ENTRIES PROVIDED section start

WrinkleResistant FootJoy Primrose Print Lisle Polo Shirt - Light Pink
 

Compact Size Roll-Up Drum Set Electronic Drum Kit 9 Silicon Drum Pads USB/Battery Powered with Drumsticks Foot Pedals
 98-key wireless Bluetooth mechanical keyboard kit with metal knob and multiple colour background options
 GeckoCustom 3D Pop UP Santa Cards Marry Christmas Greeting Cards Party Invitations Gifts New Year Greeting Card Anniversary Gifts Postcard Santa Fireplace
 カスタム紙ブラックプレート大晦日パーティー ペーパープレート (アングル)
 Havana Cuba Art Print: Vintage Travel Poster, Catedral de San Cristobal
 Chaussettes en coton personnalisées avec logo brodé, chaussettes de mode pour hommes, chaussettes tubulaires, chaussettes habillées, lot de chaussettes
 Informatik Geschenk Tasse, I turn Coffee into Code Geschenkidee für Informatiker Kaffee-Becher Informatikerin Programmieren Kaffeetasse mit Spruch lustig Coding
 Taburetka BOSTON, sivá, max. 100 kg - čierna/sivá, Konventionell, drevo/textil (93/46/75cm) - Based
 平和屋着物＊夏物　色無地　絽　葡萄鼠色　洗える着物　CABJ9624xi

ENTRIES PROVIDED section end

Sift through the entries and copy every line with "Print".

• [SOLVED EXERCISE]:
WrinkleResistant FootJoy Primrose Print Lisle Polo Shirt - Light Pink
 Havana Cuba Art Print: Vintage Travel Poster, Catedral de San Cristobal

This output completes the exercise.